Mitered Corners for Sweater Knits

Mitered corners are not just for table napkins and quilts. They're also an excellent finish for side seam slits on cut and sew sweaters. If your sewing pattern has them built in, cool. If not, this is how you make them on mid- to bulky weight sweater knits.

How to Sew Mitered Corners for Sweater Knits

It’s important to start with finished edges when making mitered corners on a sweater knit. Here I used an overlocked edge but a stretchy Hong Kong finish could also be used.

Step 1. Make marks on the fabric.

Because I’m making a 1.5 inch hem on each side, I’m measuring twice that amount, or 3 inches, away from the corner. I mark a small dot on the finished edge.

Step 2. Draw a line between the marks.

Step 3. (Optional) Mark the fold line. The fold line is perpendicular to the first line and extends to the corner.

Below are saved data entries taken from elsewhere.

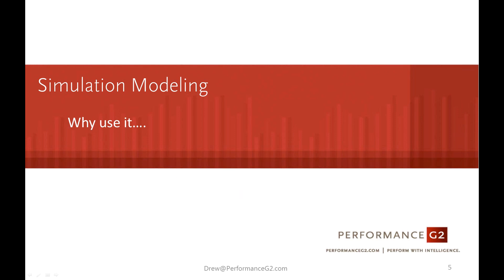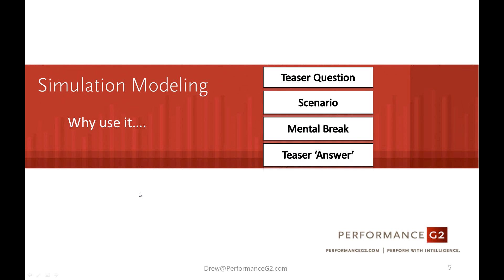So why use simulation modeling in your business? If I told you that you could triple your income by using simulation modeling, would you start exploring it? If you could take a product from $90 million to $400 million in less than 18 months, would you be curious enough to incorporate some of these concepts into your own modeling? The answer to the why, I'm going to throw out a teaser question, followed by walking through a retail scenario, then we'll take a mental break to provide two other examples of blackjack and your 401k, and then we'll come back to a teaser answer.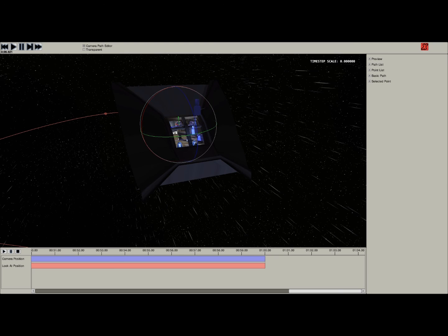That's the basics of the camera path editor. The next tutorial will be how to actually edit a camera path. We'll start with Easy Path and Normal Path and work our way up from there.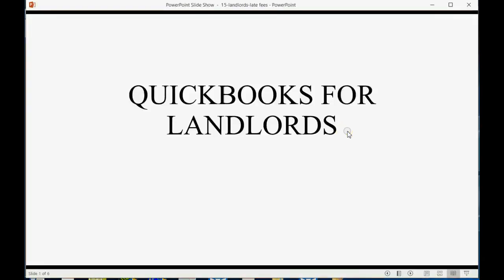And now we will learn how to charge late fees to the tenants.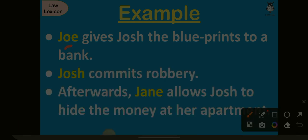Joe gives Josh the blueprints to a bank. Josh is clearly the one who commits the crime, while Joe, his friend, gives him the blueprints before the robbery. Josh then commits the robbery.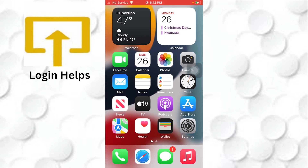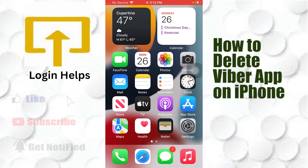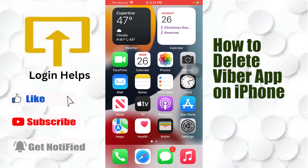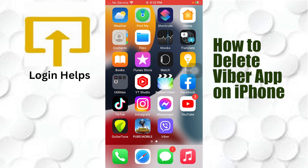Hey guys, welcome to Login Apps. Today I'll be showing you how to delete your Viber app from your iPhone. Now let's dive right in. To delete your Viber app from the iPhone, you can just tap and hold on the app.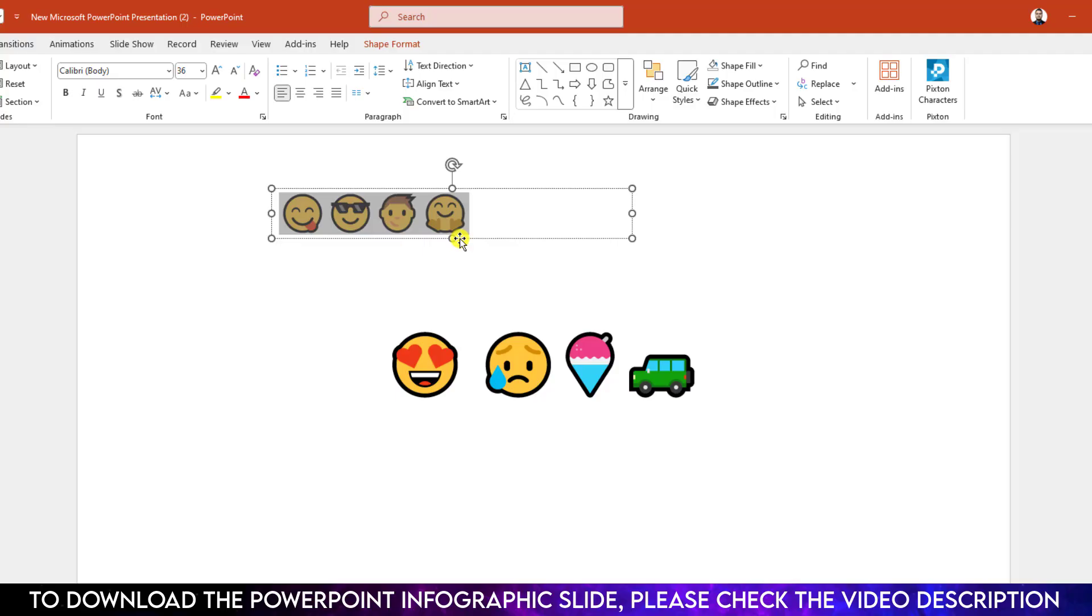In Mac you need to use Control + Command + Space button to insert the emoji.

Step 4. Fold (on fold line, if you drew one) so that the marks from Step 1 meet. Place a pin to hold edges together. You’ll be sewing on the line you drew in Step 2.

Step 5. Sew from the outside edge to the fold. Use my technique in the video for keeping the fabric in place without using more pins.

Step 6. Serge along the sewing line or sew again with a wider zigzag and trim close to the stitches.

Step 7. Turn to the right side, while gently pushing at the corner with a finger

Now you have a mitered corner! Steam the hems. You should allow steam to penetrate the fabric, but remember not to press the iron to a sweater knit. Allow it to dry, then sew the hem by hand with a catch stitch or slip stitch. Or sew by machine if you prefer.

Side seam slits are stylish and make a sweater comfortable to wear. Mitered corners are the perfect finish for them when your sweater is of the cut-and-sew variety. Consider mitered corners for a split neckline, too.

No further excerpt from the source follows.